8 MAY 2004, Page 64

Southern cross

Petronella Wyatt

What shocked me so unutterably about those pictures of US soldiers was the photograph of a member of my sex dangling a cigarette in her mouth and pointing mockingly at the genitals of hooded prisoners. Why? Because there is something inherently repellent about the sight of a woman being simultaneously coarse and cruel.

In my naive way. I still think of women as the world's nurturers. Yet here was a disgusting depiction of the very opposite. I would not be surprised if it is this picture which has caused most rage in the Arab world. With its strict rules on and expectations of female conduct, the sight of 21year-old Lynndie England mocking a naked man must have been the last straw.

Miss England has not only endangered other US and British soldiers and further muddied the cause of the coalition, but also disgraced her whole sex. And what harm she has done to Arab women. The liberation of Arab daughters and wives has been put back decades. If this is the way females behave when they are accorded equal rights and treatment, no wonder Arab men fear such a frightening new dawn.

Both England and Ivan 'Chip' Frederick, another soldier involved, come from Virginia. It seems odd at first that this should be so. When one thinks of Southerners one imagines chivalrous men and decorously behaved women. Ashley and Melanie Wilkes, for instance. Even Scarlett O'Hara, who mistreated convict workers at her mill, would have been constrained by ladylike thoughts from stripping them naked and jeering.

But most of our notions about the South come from old romances and films such as The Virginian. We deplore the fact that plantation owners kept slaves and sometimes abused them, but in general we have forgiven. As Disraeli rather flippantly remarked when questioned about the outcome of the civil war, 'The South will win because it has better manners.'

I was inclined to agree with such assessments until I went to live in Virginia. During the four months I spent there, I found it an alien and sometimes frightening place. Middle-class whites remain polite if insular. There is always the feeling that they still long for the good old days of Anglo-Saxon supremacy. But workingclass whites, those who used to be called 'white trash', constitute some of the most terrifying creatures on this planet. Lynndie England and her fellow soldiers come from poor redneck backgrounds. In my limited experience, rednecks seem to live on hate. They are dirty, overweight, rude, drunken and drive (recklessly) big trucks with the Confederate flag on the bonnet. They are brought up on a deeply racist gun culture. There are probably more gun shops in Virginia than in the rest of the US put together. And in their hearts, most rednecks would like to point them at a coloured person. They still blame freedom of the slaves for their impoverished lives. Indeed, the worst thing that could happen to the average Virginian would be for their daughters to take up with people they still call niggers.

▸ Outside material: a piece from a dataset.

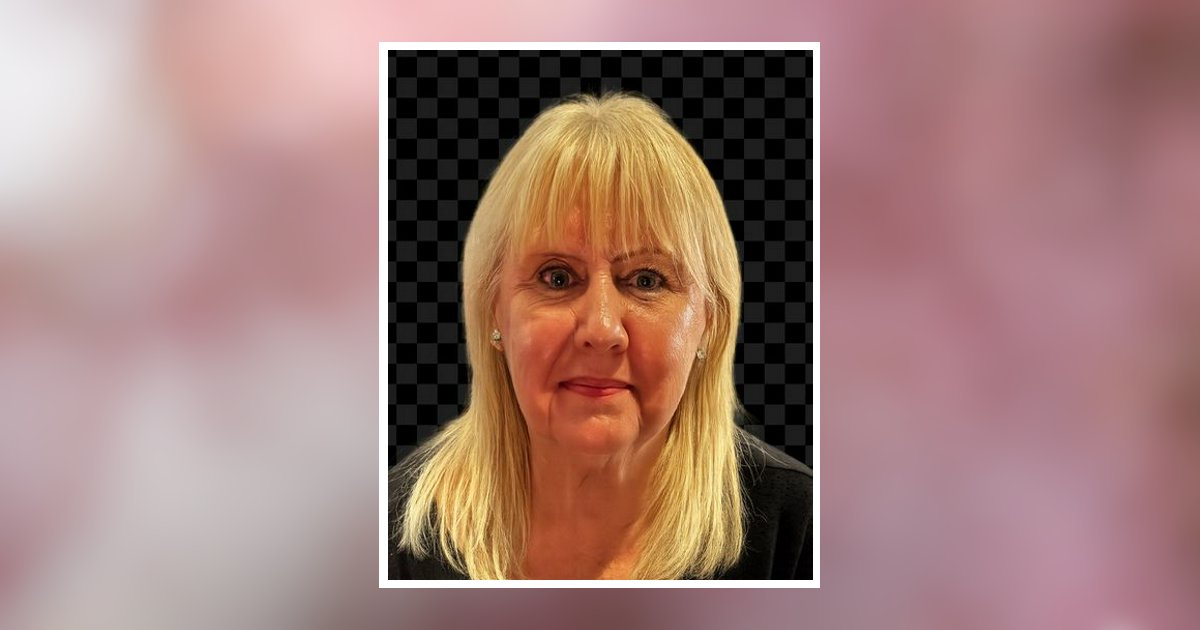 Janice T. Markovich Obituary, Pittsburgh, PA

This is the world Lynndie England has lived in all her life. Iraqis are regarded as no better than blacks, their ancient traditions dismissed as savagery. Whenever I argued for more understanding with regard to the 'peace', I was met with stares usually reserved for child-killers. There is no respect for foreign cultures in rural Virginia. No one would bother to read about them anyway. If any literature is perused, it is the local gun manual. This cocktail of disrespect, violence and ignorance is a lethal one for Iraq. Obviously, the US army has to take what it can, but, if anyone had asked recruits like Miss England for their opinions of Iraqis, they might have thought twice about sending them overseas.

Actually, I feel sorry for Lynndie England. She stood no chance in a Middle Eastern war zone. The fault lies not with her but with her world. Her world of stolen pigs and turkeys roasted on the roadside, of callous beliefs and revanchism. Very few young women in present-day Virginia grow up to be Southern belles; they grow up to be harridans who, given the opportunity, take their grievances out on helpless people with dark skins. The South once had a veneer of glamour and civilisation. Sadly, it has it no longer.